Excerpt from: "Contemporary Music and Public Funding: A Bitter Pill Served on a Silver Platter?", 9nt International Conference on Cultural Economics, Boston, May 1996


b) The Attitude

Directors of orchestras and ensembles were asked about their attitude toward different contemporary music styles. The results were plotted on this radar like graph were 5 indicates a very favorable attitude and 1 a very unfavorable attitude.
The music styles were ranked in order of their accessibility to the public. Although this kind of ranking is a strong simplification, it is more meant to show the tendency from more familiar to less familiar music: a piece of composer of complex music might certainly be more challenging to hear than a minimalist piece.

The use of radar shaped graphs allows to discern patterns. Considering the different funding systems in the 4 countries, it is likely to expect a spiral shaped graph for countries in which public money is difficult to obtain and art groups operate in a market like environment. In these countries "easy-to-listen" type of music, like "Old Masters", "Minimalists", should receive higher ranking grades than more complex music, like "Serialism" or "Electronic Music".
The results however show a remarkable similarity among the countries.

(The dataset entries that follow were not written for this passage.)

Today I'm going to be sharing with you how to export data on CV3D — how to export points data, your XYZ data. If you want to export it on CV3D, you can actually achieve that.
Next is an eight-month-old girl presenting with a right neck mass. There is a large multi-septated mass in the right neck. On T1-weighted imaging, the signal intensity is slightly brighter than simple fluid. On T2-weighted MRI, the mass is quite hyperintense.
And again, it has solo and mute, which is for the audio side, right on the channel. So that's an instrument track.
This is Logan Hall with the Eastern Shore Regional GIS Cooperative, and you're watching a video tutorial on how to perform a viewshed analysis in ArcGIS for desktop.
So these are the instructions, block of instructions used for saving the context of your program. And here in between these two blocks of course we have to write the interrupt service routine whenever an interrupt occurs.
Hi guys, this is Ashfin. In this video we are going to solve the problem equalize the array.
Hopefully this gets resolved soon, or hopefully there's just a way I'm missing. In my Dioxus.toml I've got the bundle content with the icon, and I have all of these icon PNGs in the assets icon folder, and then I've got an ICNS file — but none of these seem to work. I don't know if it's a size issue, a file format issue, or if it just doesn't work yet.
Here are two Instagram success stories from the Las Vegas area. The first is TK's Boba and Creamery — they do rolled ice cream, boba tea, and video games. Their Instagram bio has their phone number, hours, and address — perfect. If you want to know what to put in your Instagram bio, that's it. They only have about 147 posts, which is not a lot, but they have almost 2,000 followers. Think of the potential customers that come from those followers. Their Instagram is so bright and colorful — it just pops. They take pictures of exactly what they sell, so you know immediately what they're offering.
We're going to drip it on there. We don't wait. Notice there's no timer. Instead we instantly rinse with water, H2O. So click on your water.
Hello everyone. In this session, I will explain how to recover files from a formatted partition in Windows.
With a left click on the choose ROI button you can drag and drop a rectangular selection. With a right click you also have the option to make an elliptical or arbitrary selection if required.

A typical "spiral-like" pattern could not be detected. Especially European orchestras had strikingly similar judgments on the different music styles. However, a certain correlation between accessibility of the style of music and the funding system becomes visible if one takes a closer look at the segment between "Minimalists" and "3rd Stream". These styles find a very high ranking in the US. Also the segment Old masters to Tonal receives the highest grades. Although "Complex", "Electronics" and "Cage" are ranked highest by US orchestras, their actual occurrence in the performance schedule is very rare.

Graph 3: Orchestras' Attitude toward Styles

For Ensembles, the structure looks quite different. Although the "spiral-like" pattern is still not visible yet, we can see that the attitude toward more challenging music styles is the most positive in France, the country with the highest public support for new music. Music that is easier to listen to like "Tonal" or "Minimalists" is less favored.